───── Data extract

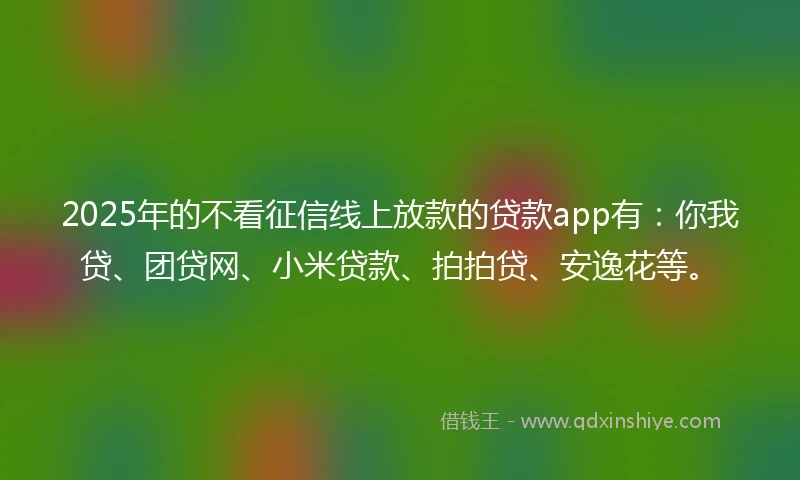 2025年的不看征信线上放款的贷款app有：你我贷、团贷网、小米贷款、拍拍贷、安逸花等。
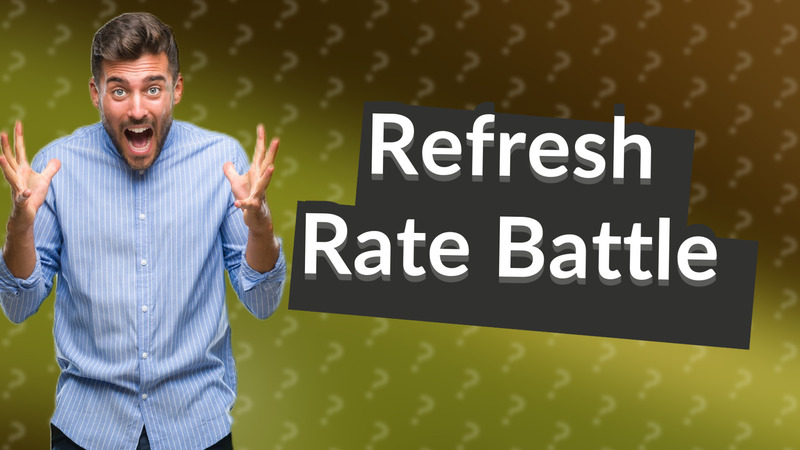 Refresh Rate Battle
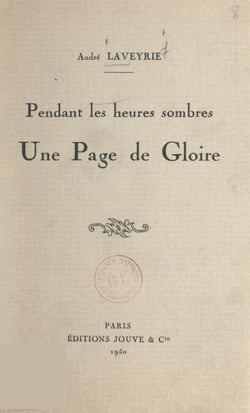 Pendant les heures sombres - Une page de gloire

──────────

● **Your objective**: Everything in the listing above, apart from its pictures, must be repeated exactly.

● **Response**:
 2025年的不看征信线上放款的贷款app有：你我贷、团贷网、小米贷款、拍拍贷、安逸花等。
 Refresh Rate Battle
 Pendant les heures sombres - Une page de gloire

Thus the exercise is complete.